● **Problem description**
Please copy exactly the line that contains "Natural Amethyst Big" and every line after it through the end of the records, leaving the pictures out.

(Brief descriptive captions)
--- START ---

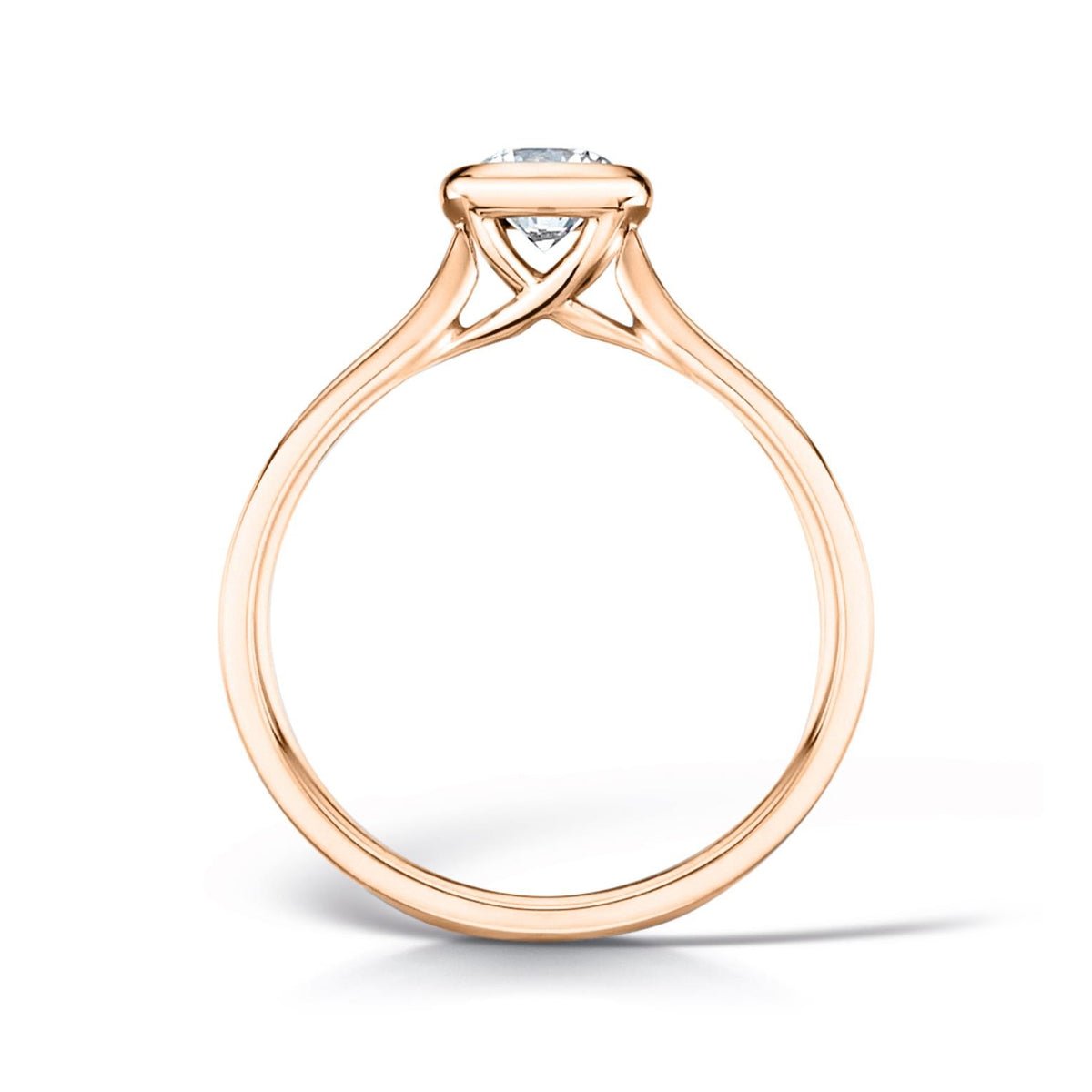 Solitaire Rub - Over Tapered Court Engagement Ring - Samuel Perry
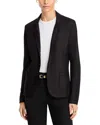 Majestic French Terry Single-button Blazer In Metallic Black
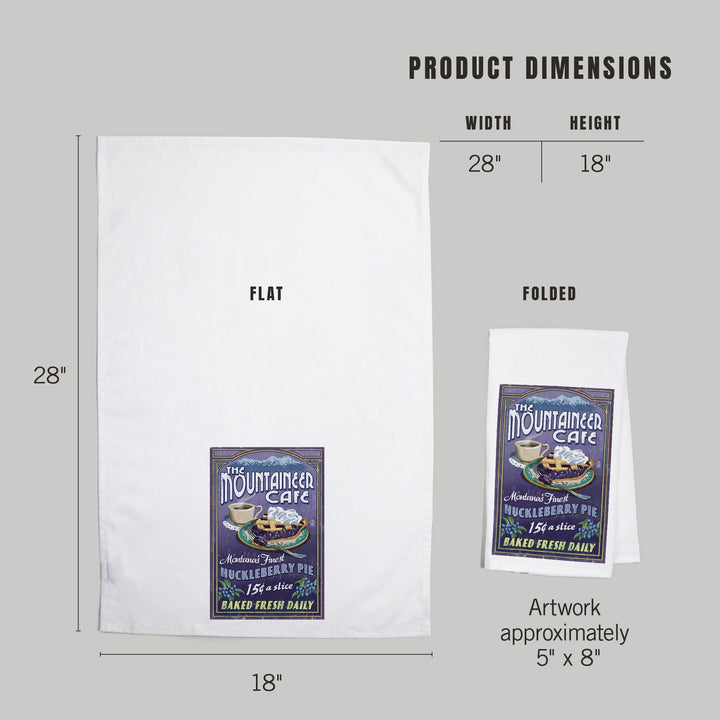 Montana, The Mountaineer Cafe, Huckleberry Pie Vintage Sign, Organic Cotton Kitchen Tea Towels Kitchen Lantern Press 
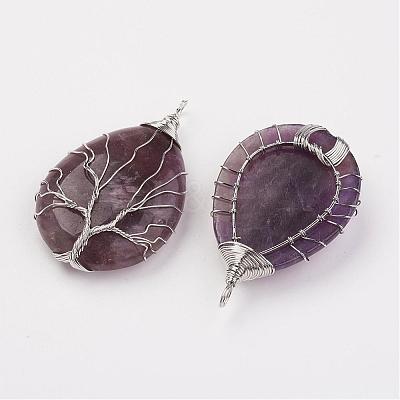 Natural Amethyst Big Pendants G-G956-A02-FF-1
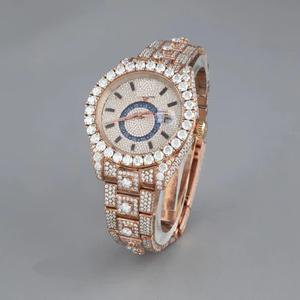 Nuevo reloj de cuarzo de lujo completamente para hielo VVS Moissanite diamante movimiento automático esfera de cristal de moda inoxidable envejecido hecho a mano - Product Image 3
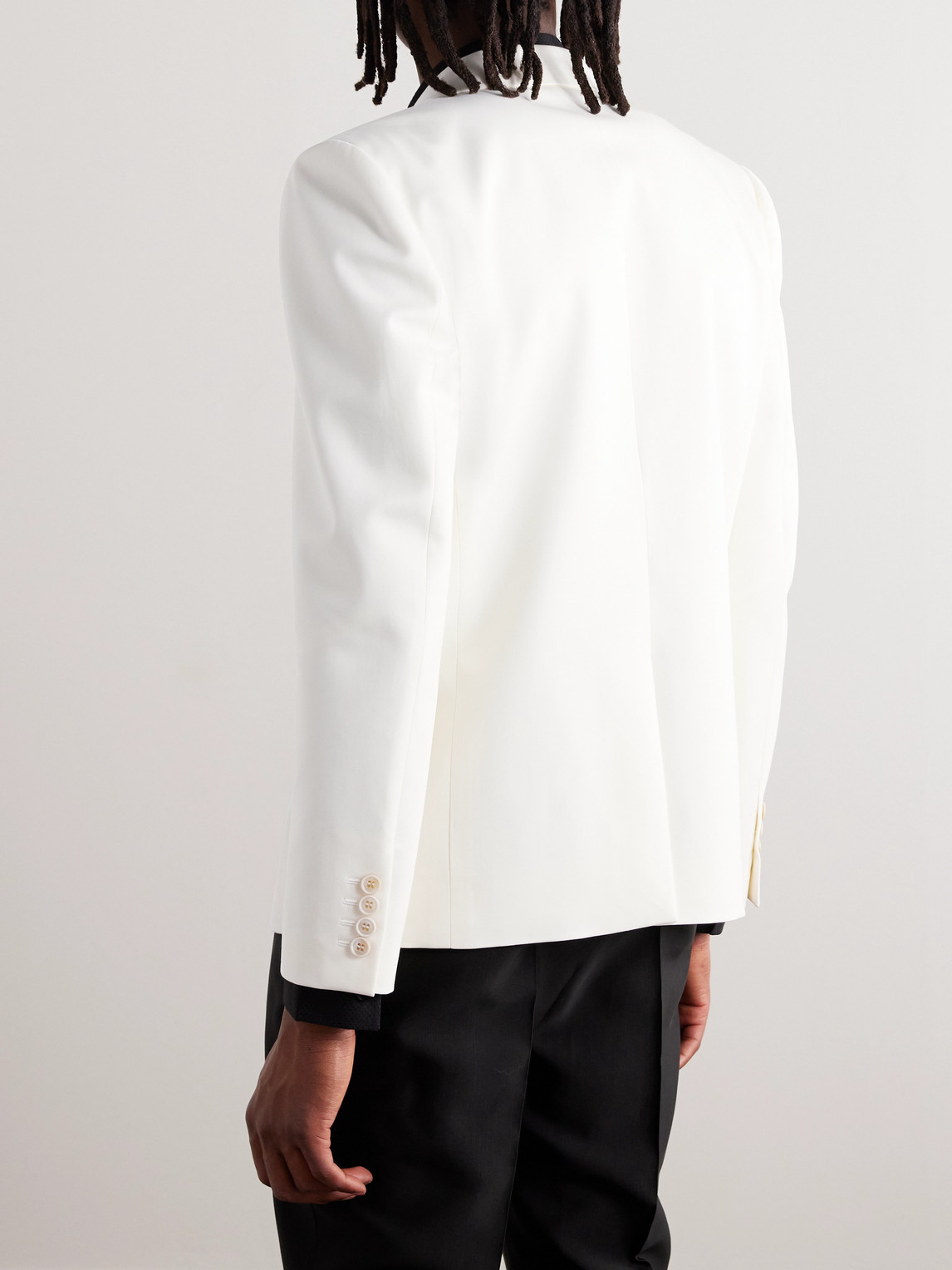 Shop Saint Laurent Wool-gabardine Blazer In White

--- END ---

● **Solution to the problem**
 Natural Amethyst Big Pendants G-G956-A02-FF-1
 Nuevo reloj de cuarzo de lujo completamente para hielo VVS Moissanite diamante movimiento automático esfera de cristal de moda inoxidable envejecido hecho a mano - Product Image 3
 Shop Saint Laurent Wool-gabardine Blazer In White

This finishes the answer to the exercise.